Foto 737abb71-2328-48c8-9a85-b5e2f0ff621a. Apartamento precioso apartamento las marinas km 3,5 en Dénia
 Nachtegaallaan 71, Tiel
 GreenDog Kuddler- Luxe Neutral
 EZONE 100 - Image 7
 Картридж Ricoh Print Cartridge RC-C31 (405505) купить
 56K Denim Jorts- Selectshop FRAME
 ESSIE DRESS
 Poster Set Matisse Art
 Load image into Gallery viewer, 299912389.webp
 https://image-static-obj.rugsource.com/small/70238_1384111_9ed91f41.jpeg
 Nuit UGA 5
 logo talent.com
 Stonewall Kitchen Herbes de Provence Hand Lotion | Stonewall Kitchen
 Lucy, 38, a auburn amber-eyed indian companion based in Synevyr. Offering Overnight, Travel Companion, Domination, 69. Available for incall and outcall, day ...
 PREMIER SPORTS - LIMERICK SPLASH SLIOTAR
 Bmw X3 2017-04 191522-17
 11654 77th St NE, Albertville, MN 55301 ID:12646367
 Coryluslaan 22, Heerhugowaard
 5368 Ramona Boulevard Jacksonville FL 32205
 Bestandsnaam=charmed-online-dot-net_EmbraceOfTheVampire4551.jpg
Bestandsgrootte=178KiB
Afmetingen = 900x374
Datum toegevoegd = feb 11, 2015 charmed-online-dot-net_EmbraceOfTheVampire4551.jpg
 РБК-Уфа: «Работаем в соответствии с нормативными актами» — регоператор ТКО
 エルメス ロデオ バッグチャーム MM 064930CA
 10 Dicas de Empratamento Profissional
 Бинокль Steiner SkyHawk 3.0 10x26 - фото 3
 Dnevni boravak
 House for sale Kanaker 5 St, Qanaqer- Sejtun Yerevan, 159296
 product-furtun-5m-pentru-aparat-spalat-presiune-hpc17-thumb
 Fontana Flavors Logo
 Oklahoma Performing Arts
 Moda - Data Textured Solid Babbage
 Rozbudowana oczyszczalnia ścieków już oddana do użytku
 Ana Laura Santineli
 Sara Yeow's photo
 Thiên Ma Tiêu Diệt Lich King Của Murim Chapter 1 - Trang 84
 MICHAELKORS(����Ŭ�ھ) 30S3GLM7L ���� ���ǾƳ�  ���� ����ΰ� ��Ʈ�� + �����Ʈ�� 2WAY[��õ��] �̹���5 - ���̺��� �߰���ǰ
━━━━
> TASK DETAILS
Repeat only what runs from the line holding "Bestandsnaam=charmed-online-dot-net_EmbraceOfTheVampire4551.jpg" to the end of the data, keeping every line exactly as written, first and last included.

> TASK SOLUTION
 Bestandsnaam=charmed-online-dot-net_EmbraceOfTheVampire4551.jpg
Bestandsgrootte=178KiB
Afmetingen = 900x374
Datum toegevoegd = feb 11, 2015 charmed-online-dot-net_EmbraceOfTheVampire4551.jpg
 РБК-Уфа: «Работаем в соответствии с нормативными актами» — регоператор ТКО
 エルメス ロデオ バッグチャーム MM 064930CA
 10 Dicas de Empratamento Profissional
 Бинокль Steiner SkyHawk 3.0 10x26 - фото 3
 Dnevni boravak
 House for sale Kanaker 5 St, Qanaqer- Sejtun Yerevan, 159296
 product-furtun-5m-pentru-aparat-spalat-presiune-hpc17-thumb
 Fontana Flavors Logo
 Oklahoma Performing Arts
 Moda - Data Textured Solid Babbage
 Rozbudowana oczyszczalnia ścieków już oddana do użytku
 Ana Laura Santineli
 Sara Yeow's photo
 Thiên Ma Tiêu Diệt Lich King Của Murim Chapter 1 - Trang 84
 MICHAELKORS(����Ŭ�ھ) 30S3GLM7L ���� ���ǾƳ�  ���� ����ΰ� ��Ʈ�� + �����Ʈ�� 2WAY[��õ��] �̹���5 - ���̺��� �߰���ǰ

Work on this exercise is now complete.